La telenovela sandricense Cromador si “arricchisce” di novità, giusto sotto Natale in un anno non esattamente facile. Cosa è successo?

L’ultima novità è l’ordinanza emessa dal responsabile all’ecologia del comune dr. Giuseppe Reniero, che trovate qui: Ordinanza-Cromador-101-2020.

Di cosa parla l’ordinanza? Preciso innanzitutto che la stessa non è di semplice lettura in quanto si usa un linguaggio estremamente tecnico riguardo alle decisioni prese sul fallimento della ditta e alla situazione di deterioramento degli spazi. Mancano documenti fondamentali per capire meglio e più a fondo. Mancano, per esempio, le relazioni dell’Arpav che, “al fine di verificare lo stato di contaminazione delle acque sotterranee, ha dato seguito a due campagne di monitoraggio delle stesse realizzate rispettivamente in data 12/02/2020 e 10/11/2020“. Mi sto attivando per ottenerle e, appena in possesso, ve ne darò conto.

Mancano anche “le risultanze del sopralluogo congiunto tra enti (Comune, Arpav, e VV.FF.), effettuato in data 20/11/2019, su richiesta della Prefettura di Vicenza nelle quali viene evidenziato lo stato di ammaloramento e degrado generale delle strutture, nonché la presenza di rifiuti di varia natura a potenziale rischio ambientale in caso di perdite e fuoriuscite”. Ma dal testo qui riportato sembra chiaro che la situazione è gravissima.

Leggendo la delibera si desume che il curatore fallimentare ha chiesto di non mettere a disposizione dei creditori i beni dell’azienda perché non conveniente. Cercando in rete, ho trovato un documento, redatto da Vittorio Giorgi, Professore ordinario di Diritto commerciale all’Università di Udine dal titolo emblematico: “Rinuncia all’acquisizione e siti contaminati: derelizione dei beni o ‘abbandono’… dei creditori?”. Lasciando perdere il contenuto troppo tecnico del documento,  ho cercato il significato della parola derelizione (che compare nell’ordinanza). Eccolo:

Derelizióne s. f. [dal lat. derelictioonis «abbandono», der. di derelinquĕre «abbandonare» (comp. di de– e relinquĕre «lasciare»), part. pass. derelictus]. – 1. a. ant. Abbandono totale: Cristo tra derelizioni, tu fra diporti (Segneri). b. letter. e filos. Stato e senso doloroso di abbandono morale, di solitudine esistenziale. 2. Nel diritto romano, abbandono della cosa, fatto con l’animo di rinunciare alla proprietà su di essa.
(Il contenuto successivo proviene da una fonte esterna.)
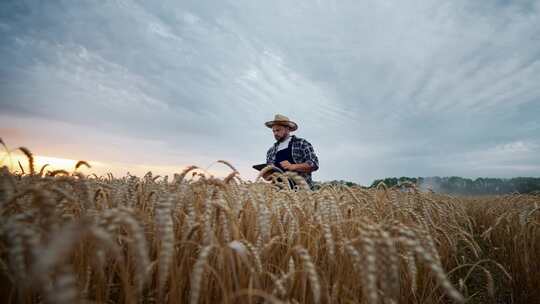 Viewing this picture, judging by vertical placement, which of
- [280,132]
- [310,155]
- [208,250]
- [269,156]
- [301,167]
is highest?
[280,132]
Ho poi cercato l’articolo relativo nella legge sul fallimento, ecco anche quello:

Legge Fallimento, art. 104-ter, 8° comma: «Il curatore, previa autorizzazione del comitato dei creditori, può non acquisire all’at­tivo o rinunciare a liquidare uno o più beni, se l’attività di liquidazione appaia manifestamente non conveniente. In questo caso, il curatore ne dà comunicazione ai creditori i quali, in deroga a quanto previsto nell’articolo 51, possono iniziare azioni esecutive o cautelari sui beni rimessi nella disponibilità del debitore».

Ricapitolando, quello che ho capito è che siccome la Cromador ha grossi problemi di inquinamento, ai creditori non conviene essere ripagati con un’azienda la cui bonifica avrebbe un costo enorme.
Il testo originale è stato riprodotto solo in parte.